● What the task asks
Look for the line with "Admit Svíčka ve skle 100g Cinnamon (12/bal)"; please transcribe it and every later line in the entries exactly, up to the end, leaving pictures out.

● Provided records

■ ■ ■ ■

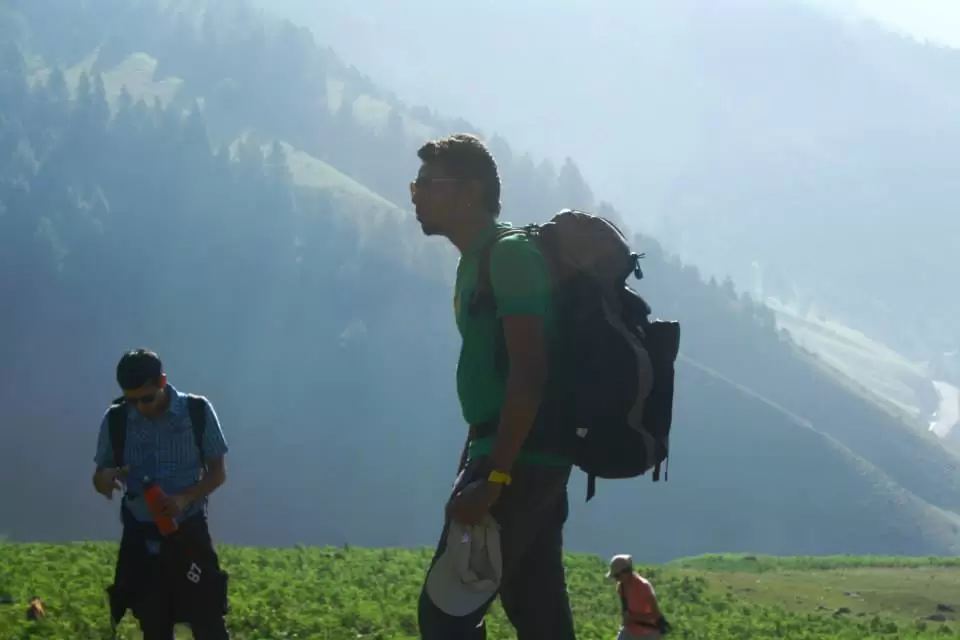 Photo of Trek to Great Himalayan Lakes by Sujeet Kumar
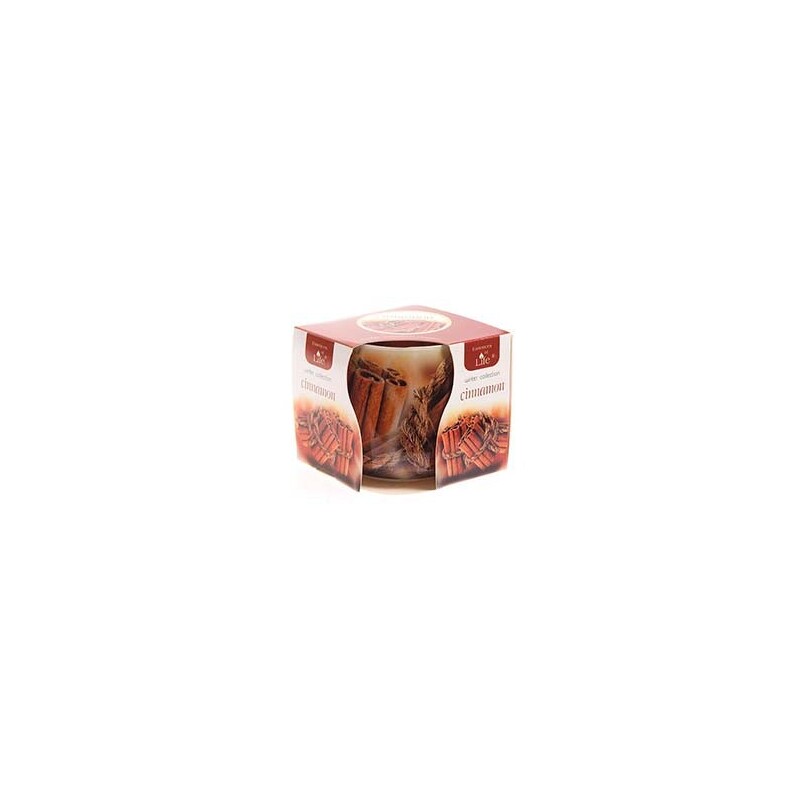 Admit Svíčka ve skle 100g Cinnamon (12/bal)
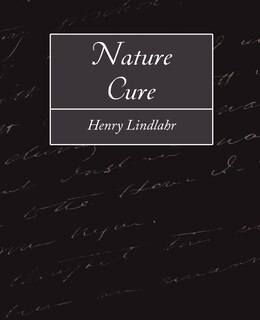 Front cover_Nature Cure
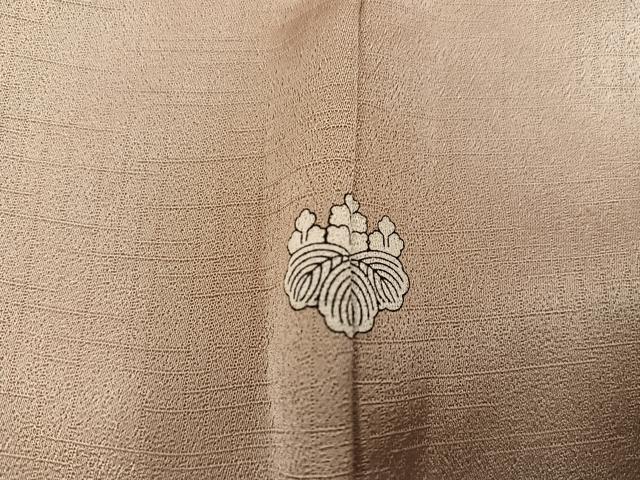 平和屋着物■訪問着　船花文　暈し染め　金彩　正絹　逸品　BAAX8359mz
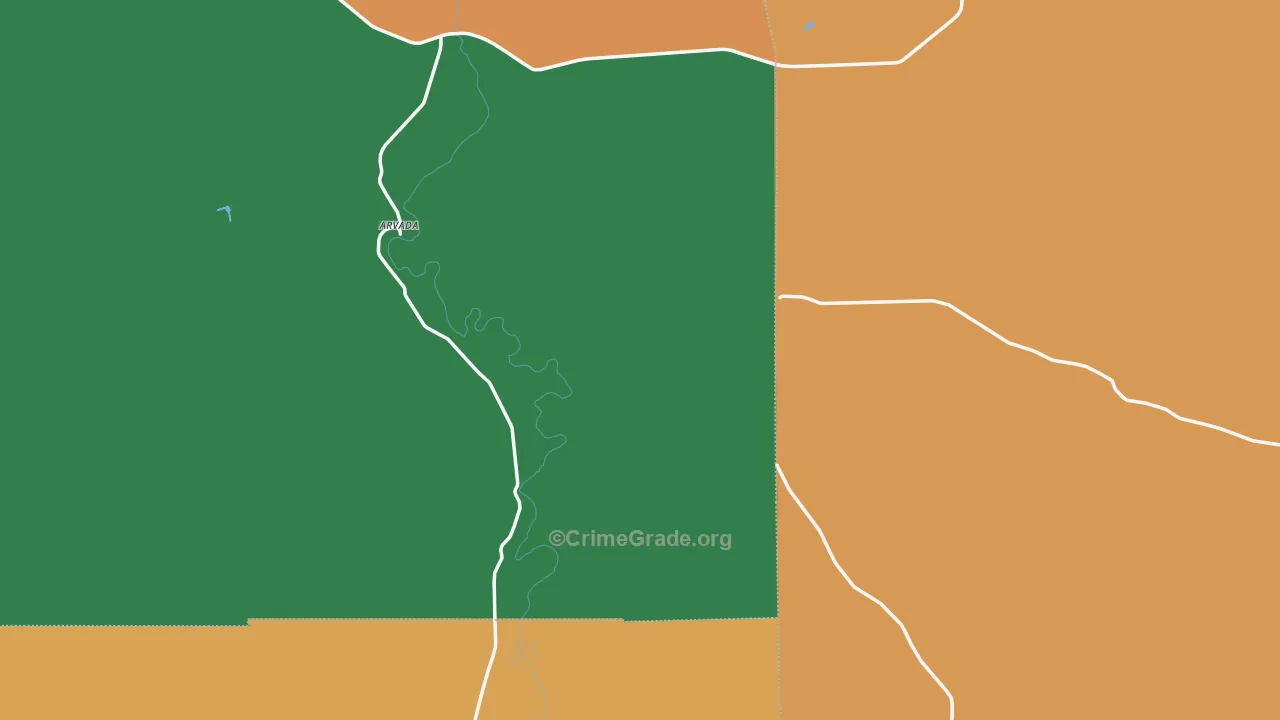 82831, WY Map of Theft Rates
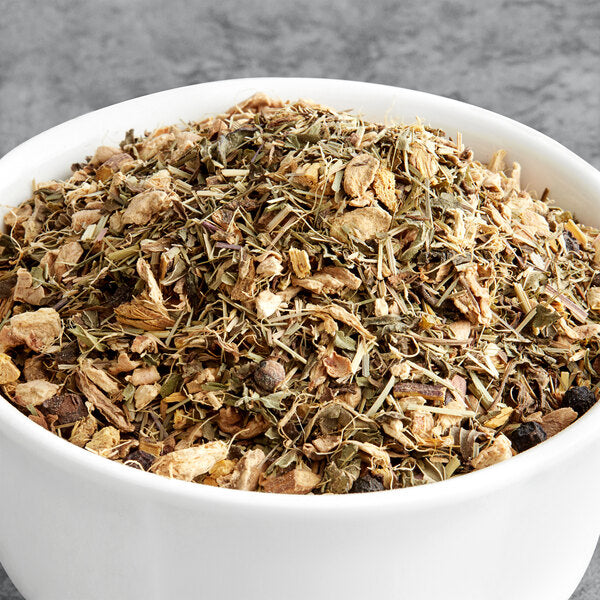 Davidson's Organic Ginger Spice Herbal Loose Leaf Tea 1 lb.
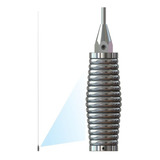 Antena Px 2,7m Maria Mole Base Max Cromada Steelbras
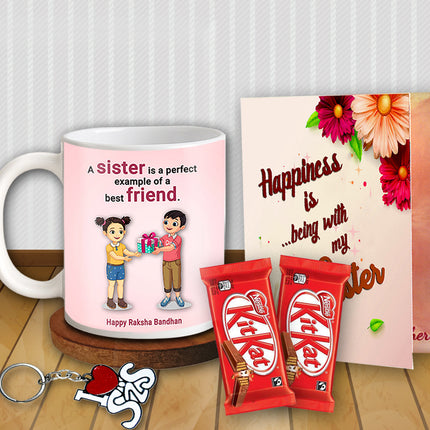 Rakhi Gift Hampers for Sister - Special Raksha Bandhan Combo for Girls, Cute Rakhi Gifts for Sisters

■ ■ ■ ■

● Response to this exercise
 Admit Svíčka ve skle 100g Cinnamon (12/bal)
 Front cover_Nature Cure
 平和屋着物■訪問着　船花文　暈し染め　金彩　正絹　逸品　BAAX8359mz
 82831, WY Map of Theft Rates
 Davidson's Organic Ginger Spice Herbal Loose Leaf Tea 1 lb.
 Antena Px 2,7m Maria Mole Base Max Cromada Steelbras
 Rakhi Gift Hampers for Sister - Special Raksha Bandhan Combo for Girls, Cute Rakhi Gifts for Sisters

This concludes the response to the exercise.